Robert Heinecken

American, 1931—2006

About

Robert Heinecken

American, 1931—2006


Robert Heinecken is widley recognized for his alternative approaches and processes that challenged and expanded traditional notions of the photographic medium. Heinecken, the founder of UCLA’s photography program, rarely used a camera, instead drawing on appropriated imagery from magazines and newspapers, and employing techniques like lithography, etching, camera-less exposure and photo emulsion on canvas.

Heinecken’s conceptual approach drew from mass media like newspapers and magazines. In his photograms, Robert Heinecken projected light through a magazine page to superimpose images from both sides at once, exploiting random combinations to excavate cultural meaning and exposing the constructed nature of desire in advertising.

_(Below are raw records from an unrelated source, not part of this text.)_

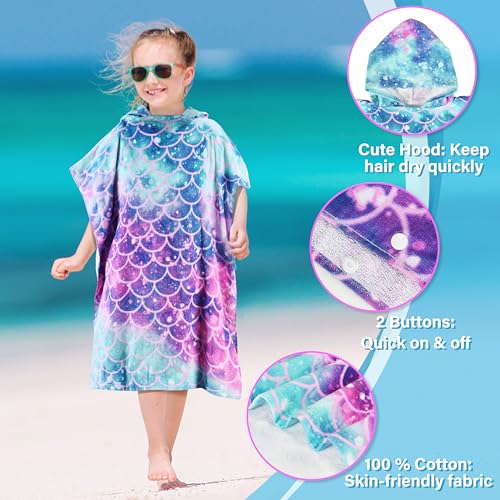 Tirrinia Mermaid Poncho Towels for Kids Surf Beach Bath Swim Hooded Towels for 27 Years Girls Toddler Gift 24 by 52inch 100 Cotton Multicolor - Image 3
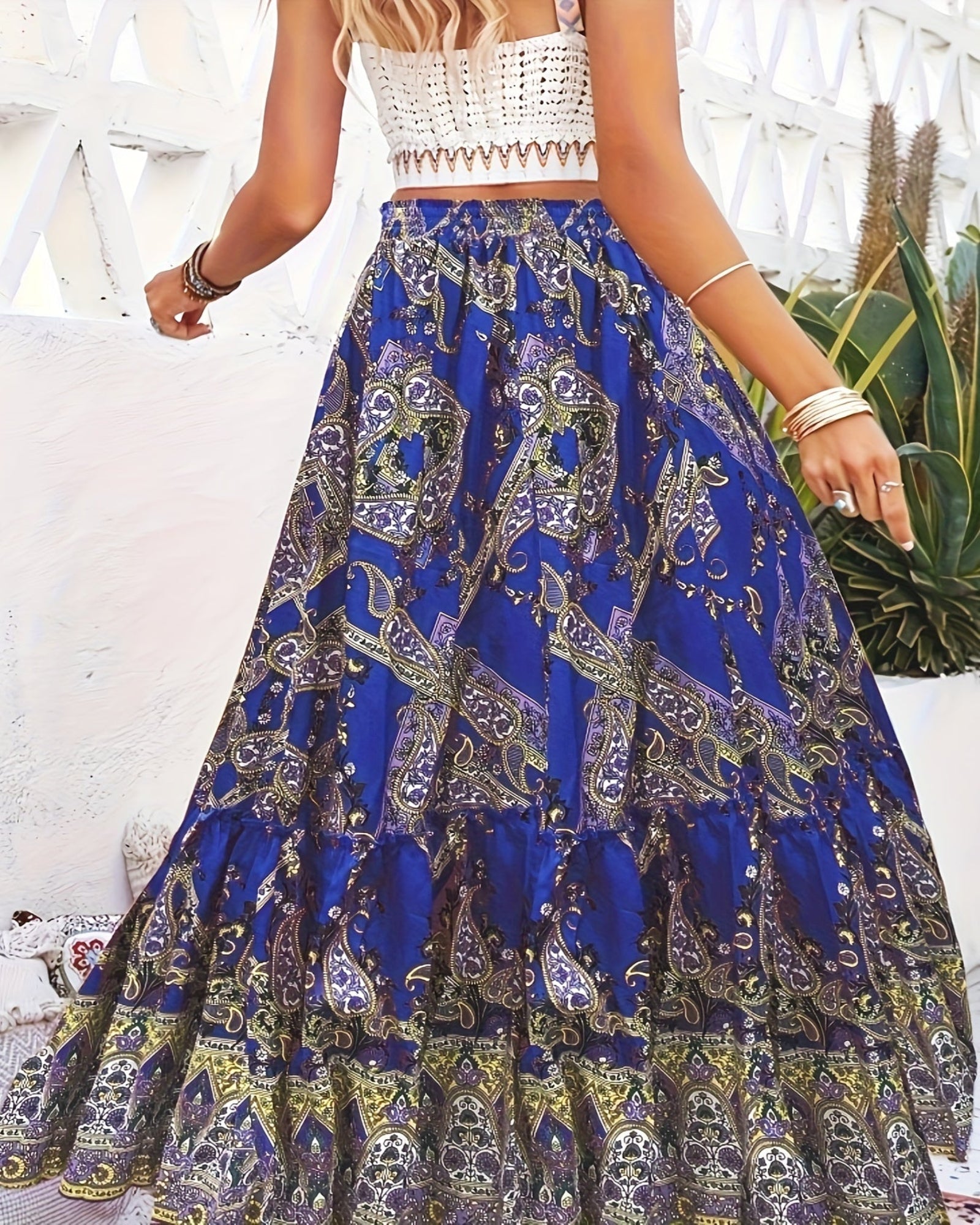 Calina – Boho Paisley Print Maxi Skirt with Drawstring Detail - Skirts - Boho Style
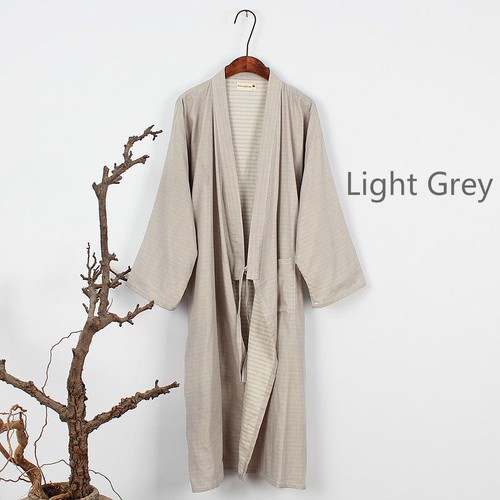 hommes japonais KIMONO YUKATA long peignoir pyjama Ceinture robe en coton - Foto 7 di 18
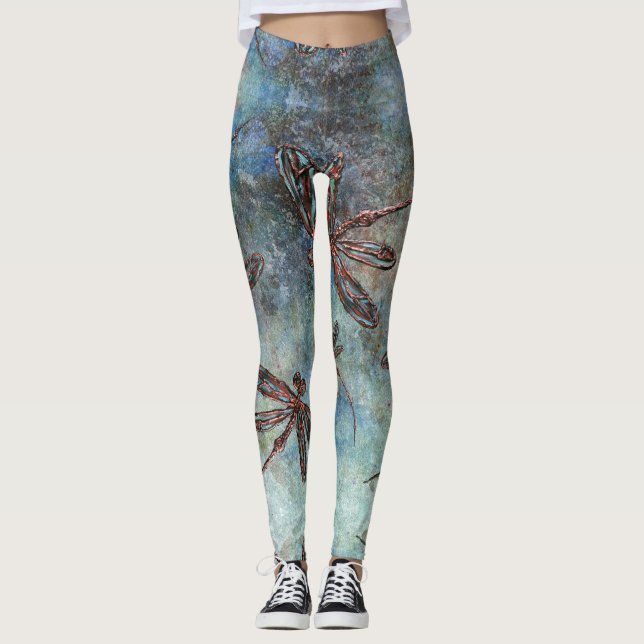 Leggings Dragonflies en bronce en un cielo mágico (Anverso)
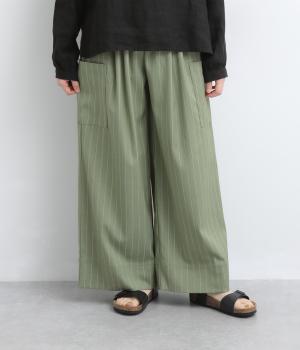 ピンストライプ　フィッシャーマンパンツ(グリーン-F)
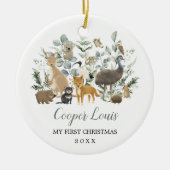 Cute Aussie Animals Greenery Baby 1st Kerstmis Keramisch Ornament (Voorkant)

Heinecken grew up in Southern California and was a fighter pilot in the U.S. Marine Corps before earning a master’s degree in art at the University of California, Los Angeles in 1960. In 1964, he founded the graduate photography program at UCLA, where he taught until 1991. Heinecken received a Guggenheim Fellowship in 1976, and three NEA Individual Artist Grants (1977, 1981, 1986).

He has been the subject of over sixty one-person shows including a retrospective at the Museum of Modern Art, New York in 2014, the Musèe d’art moderne et contemporain, Genève in 2013, the Hammer Museum in 2006, and the Museum of Contemporary Art, Chicago in 1999. His monographs include: Recto/Verso (Nazraeli Press, 2006), Robert Heinecken: A Material History (Center for Creative Photography, 2003), and Robert Heinecken: Photographist (Museum of Contemporary Art Chicago, 1999).